Face à ces insurmontables obstacles nous avons relu quelques lignes du "Manuel" d'Epictète : "Que ceux qui veulent être libres s'abstiennent donc de vouloir ce qui ne dépend pas d'eux seuls : sinon, inévitablement, ils seront esclaves(1)". Faut-il suivre une éthique de vie où la liberté prime ? : "Donc, rappelle-toi que si tu tiens pour libre ce qui est naturellement esclave et pour un bien propre ce qui t'est étranger, tu vivras contrarié, chagriné, tourmenté; tu en voudras aux hommes comme aux dieux". Demeure cette question : peut-on être libre face à la mort ? La philosophie d'Epictète s'articule surtout autour de la Providence ou du Destin : "Souviens-toi que tu joues dans une pièce qu'a choisie le metteur en scène : courte, s'il l'a voulue courte, longue, s'il l'a voulue longue. S'il te fait jouer le rôle d'un mendiant, joue-le de ton mieux ; et fais de même, que tu joues un boiteux, un homme d'État ou un simple particulier. Le choix du rôle est l'affaire d'un autre". Le philosophe n'est pas toujours libre de son destin : "Parmi les choses qui existent, certaines dépendent de nous, d'autres non".
On en vient à l'acceptation mais aussi à l'idée que l'on se fait des évènements qui nous accablent. Selon Epictète: "Ce qui tourmente les hommes, ce n'est pas la réalité mais les jugements qu'ils portent sur elle". Il nous invite à porter un autre regard sur les événements de l'existence, en admettant comme inévitables ceux dont le déroulement ne dépend pas de nous, si douloureux fussent-ils : "Si tu souhaites que tes enfants, ta femme et tes amis soient éternels, tu es un sot, car c'est vouloir que ce qui ne dépend pas de toi en dépende; que ce qui n'est pas à toi t'appartienne".
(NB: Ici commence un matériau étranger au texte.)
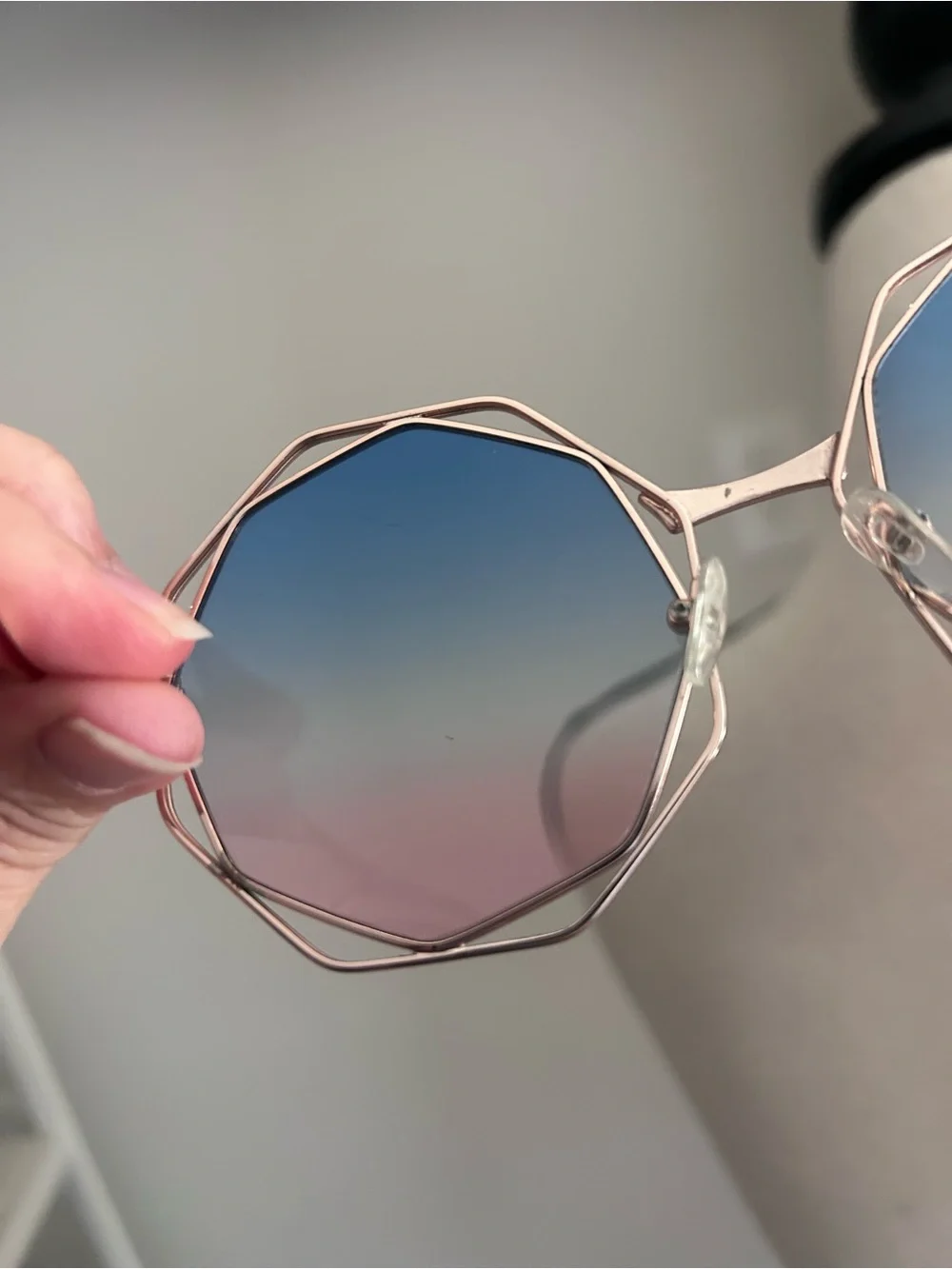 Rose Gold Geometric Oversized Sunglasses Pink Blue Gradient Lens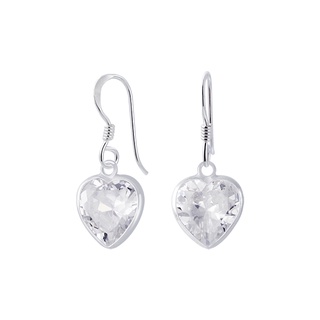 SILVER THAI Cubic Zirconia Heart Earring Size10 mm ต่างหูระย้าต่างหูตะขอคริสตัลรูปหัวใจ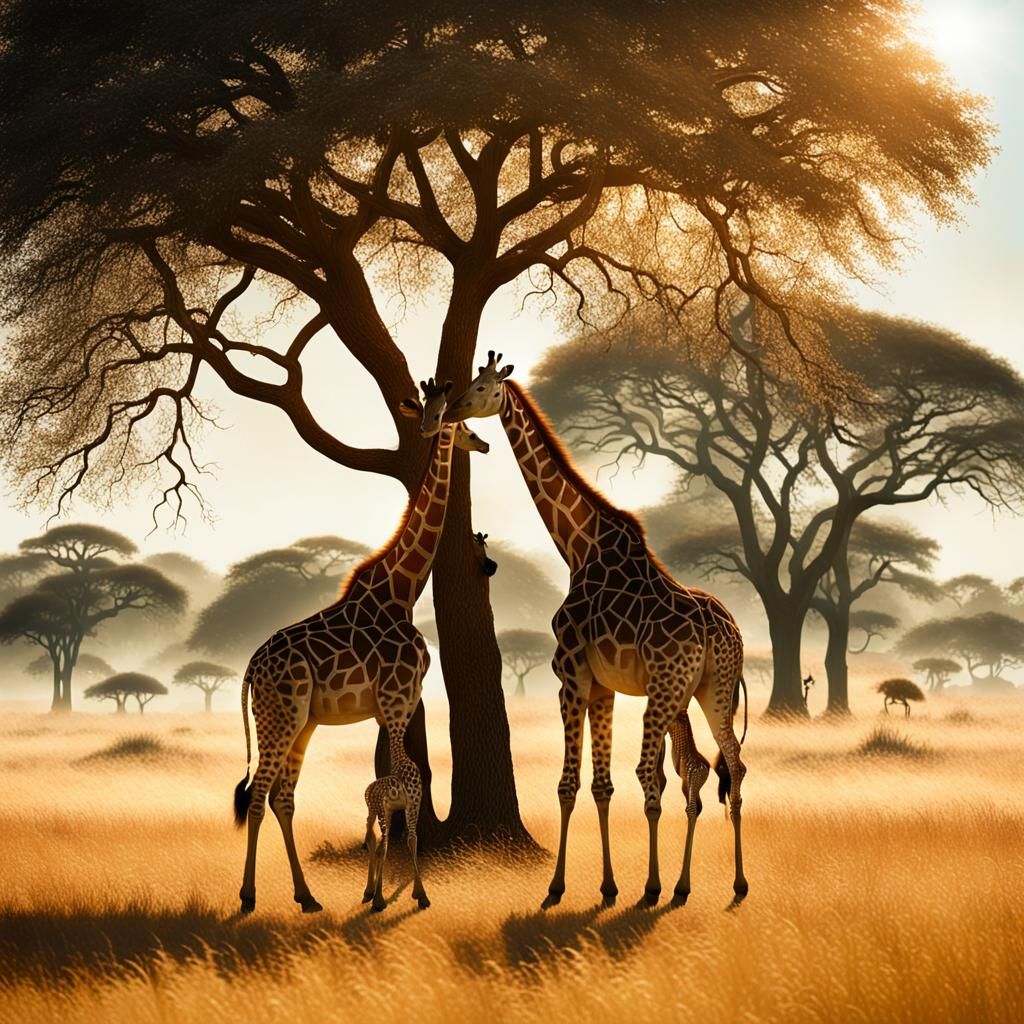 Surreal Giraffe Family in African Savanna at Sunset
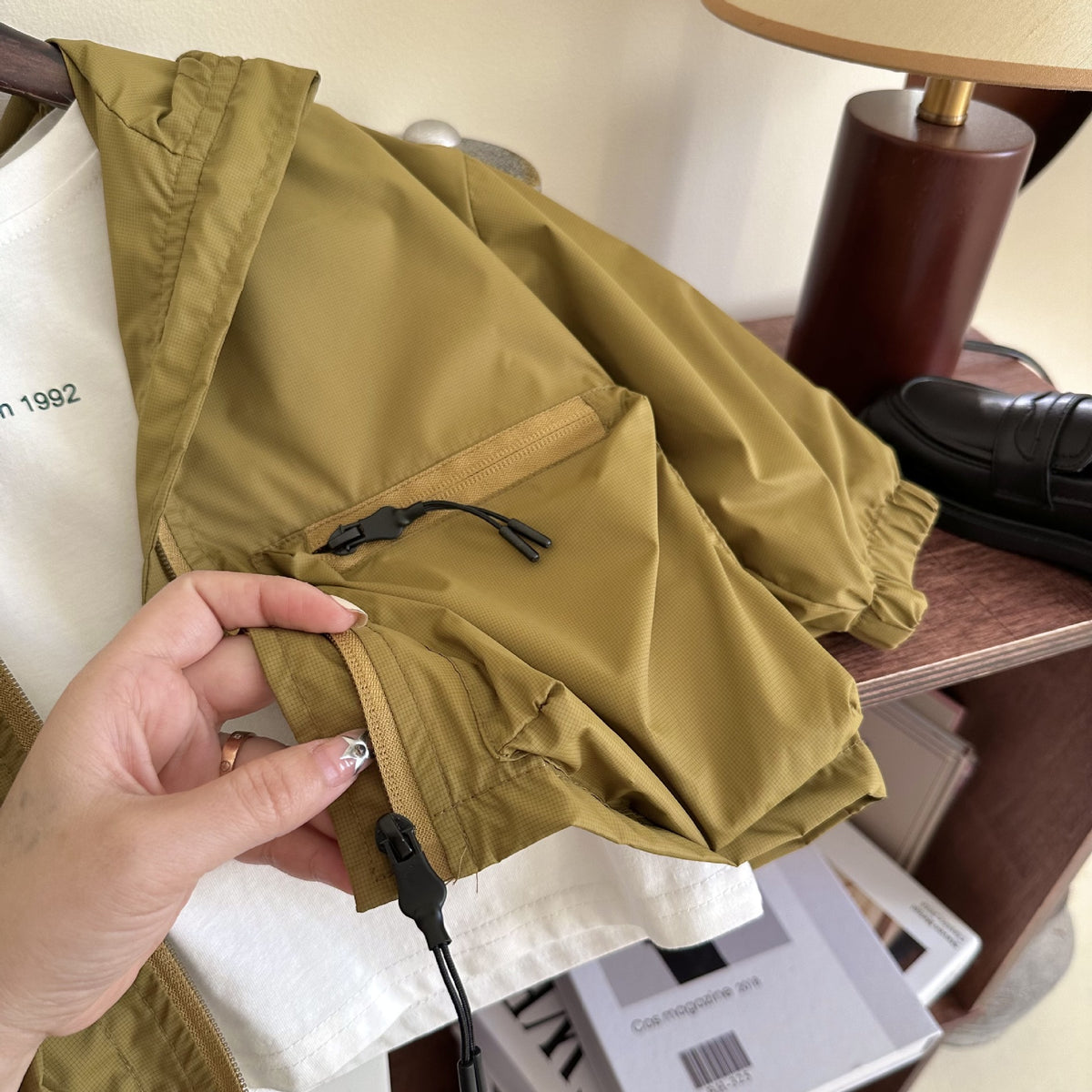 Garçon Solid Color Short Hood Shell Veste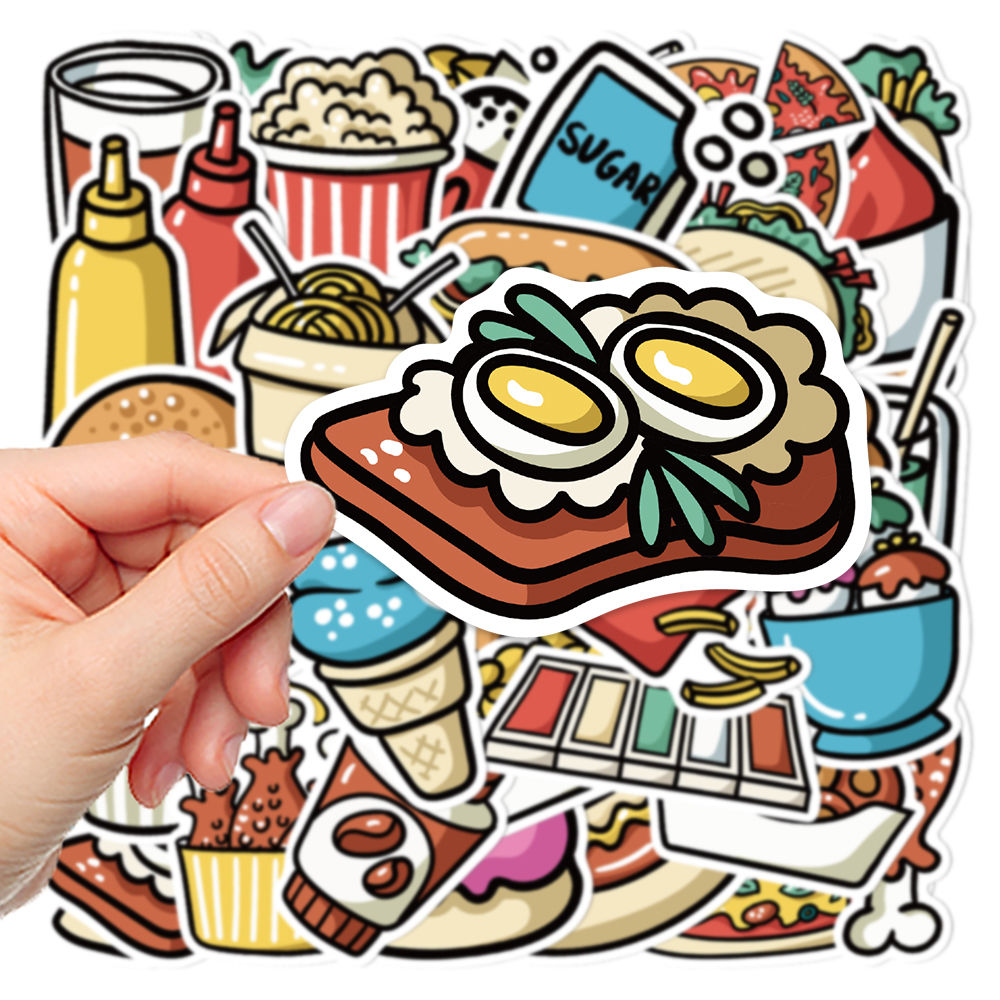 44 Cartoon Food Waterproof Diy Stickers For Water Bottle - Temu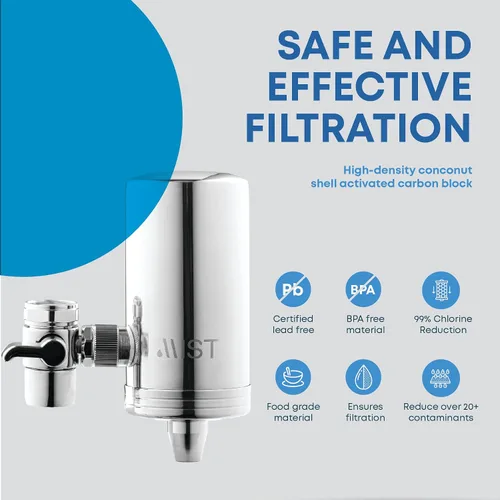 Vista 4 de Mist - Filtro de agua para fregadero, filtro de grifo, acero inoxidable, capacidad de 320 gl, reduce el metal pesado, filtro de agua certificado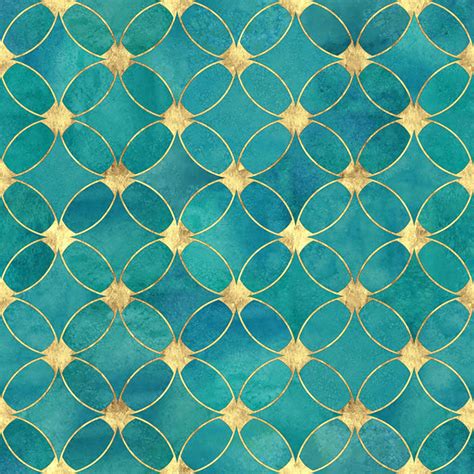 Teal And Gold Abstract Pattern Wall Mural Wallpaper Canvas Art Rocks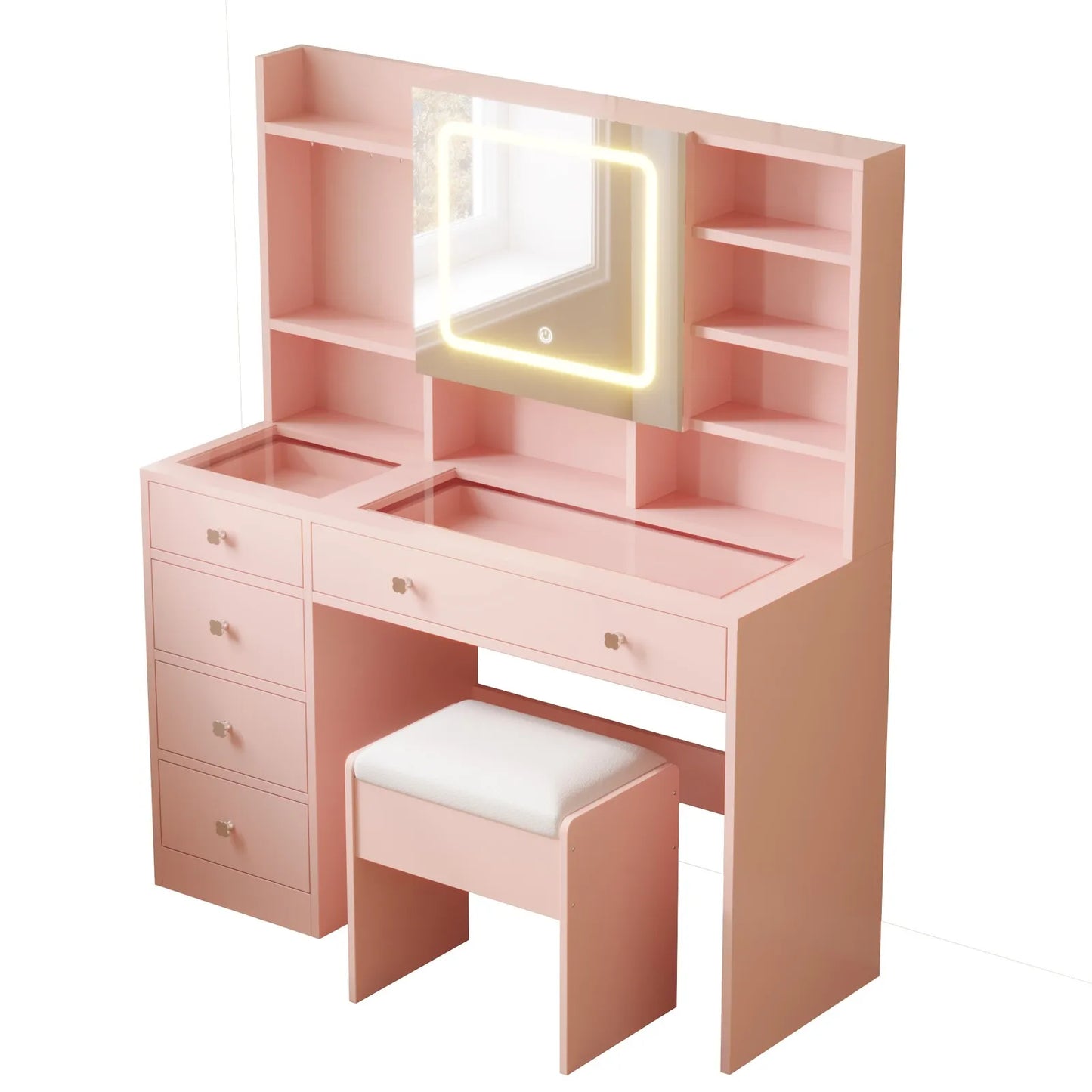 Makeup Vanity With Charging Station And Mirror Lights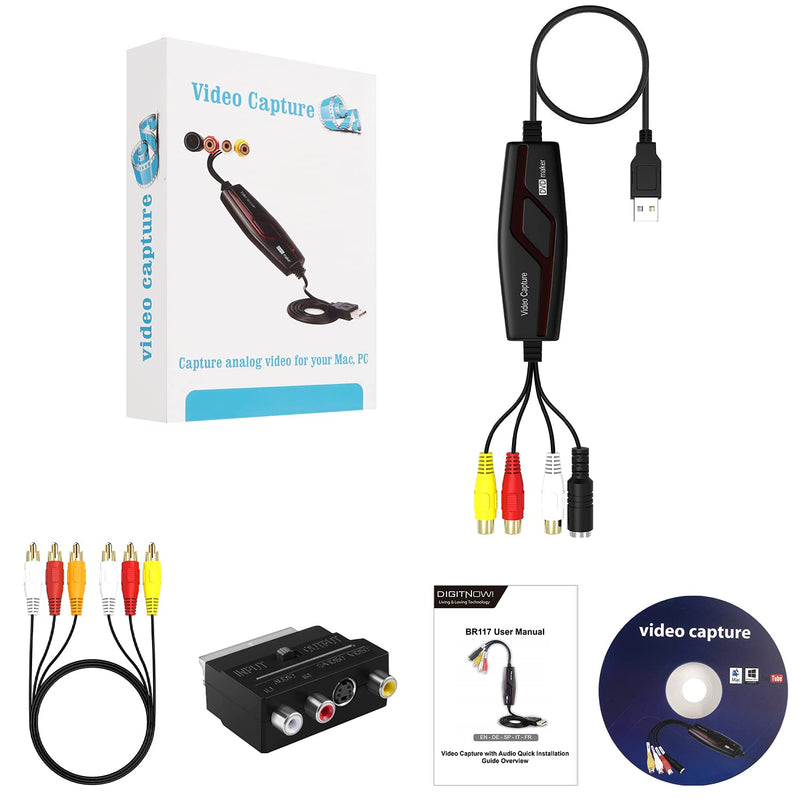 DIGITNOW! Video Capture Card Converts Hi8 VHS to Digital DVD for Windows/Mac, Video Grabber with Scart/AV Adapter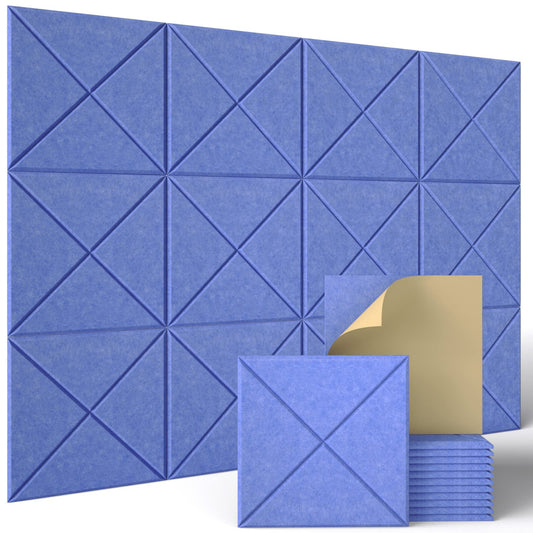 Sonicism 12 Pack X-Lined Acoustic Panels with Self-Adhesive, 12 X 12 X 0.4 Sound Proof Foam Panels, Decorative Soundproof Wall P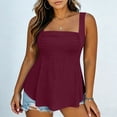 thumbnail image 1 of Hxshgdsn Plus Size Tank Tops for Womens Sleeveless Square Neck Ruched Front Peplum Top Loose Fit（Wine/5XL）, 1 of 7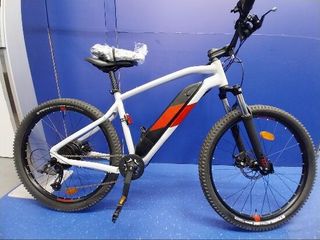 Bicicleta eléctrica MTB Rockrider E-ST 100 Blanco Rojo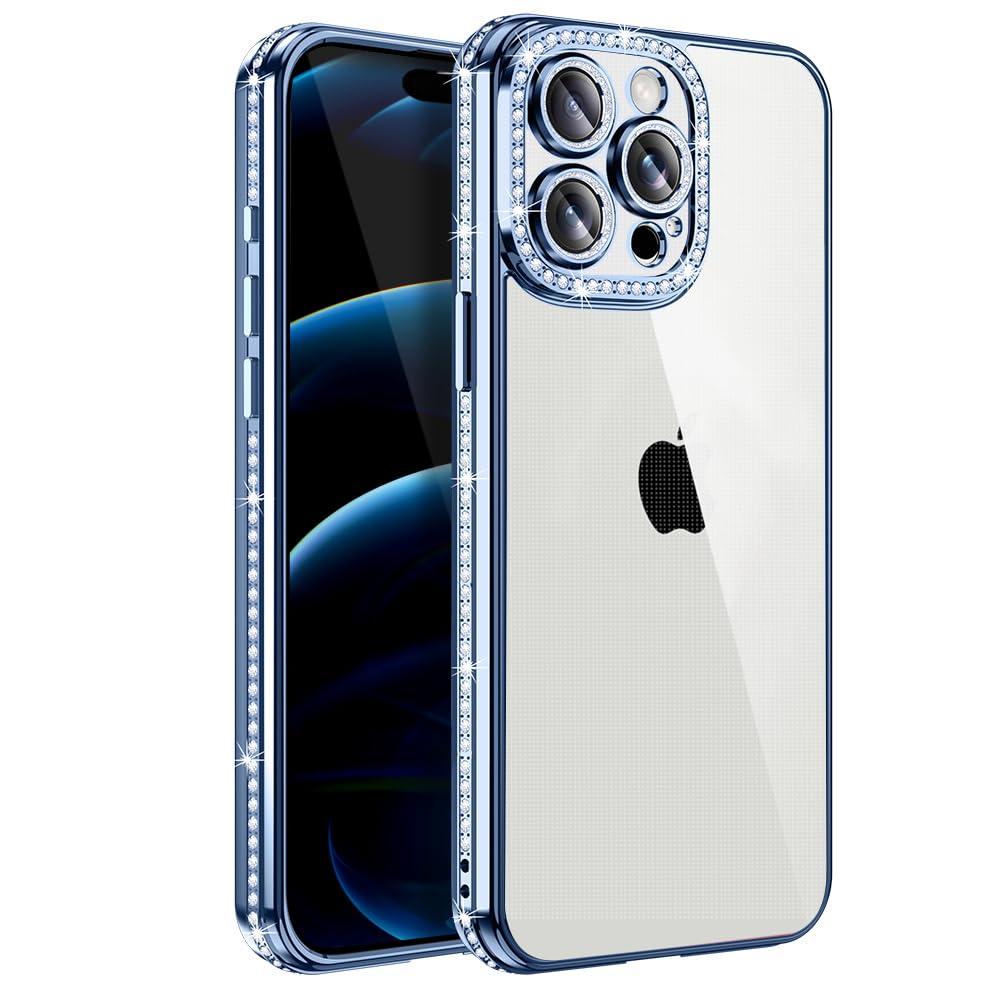 Rakuten - MuZiF iPhone 12 Pro Max 用 ケース クリア メッキ加工 キラキラ 背面全透明 サラウンドレンズ保護 カメラ保護 TPU ソフトケース 薄くて軽い 女性 人気 耐衝撃 ラップホール付き アイフォン 12 Pro Max 用 スマホケー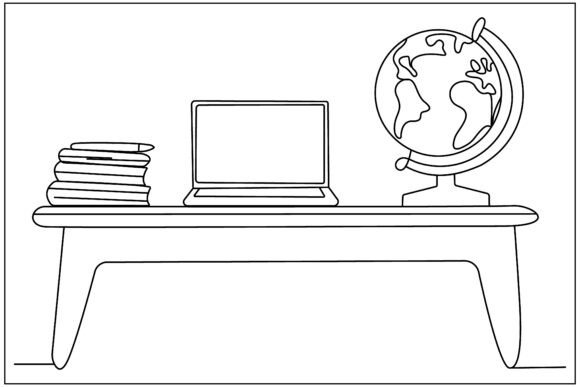 Teacher Desk Globe Line Art Graphics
Ces deux derniers points nous renvoient à la pratique de Vipassana : "S'il y a en nous des pensées négatives, regardons-les de plus près. Elles sont toujours en rapport avec quelque idée ou attente cultivée par le mental. Le fait de reconnaître la cause de celle-ci, la fait se dissoudre(2)". La voie de Vipassana nous convie à observer ce qui nous tourmente, mais seulement en tant qu'objet d'attention, car, est-il précisé, "nous devons voir que nous ne sommes pas l'entité agissante. Si nous nous identifions à l'entité agissante, il n'y a plus d'observation. Il n'y a plus que réaction… Communiquer avec l'entité agissante ne signifie pas dialoguer avec elle ; cela signifie qu'elle et nous marchons côte à côte".
V-R.Dhiravamsa écrit : "Lorsque nous sommes en méditation, observons nos schémas de comportement, nos réactions, nos habitudes, en bref, notre conditionnement. Prenons conscience de nos blocages mentaux et physiques, du processus de nos inhibitions. Voyons combien nous sommes peu libres d'agir et d'être avec naturel. Voyons également le karma qui s'est accumulé dans certaines parties de notre corps et de notre mental".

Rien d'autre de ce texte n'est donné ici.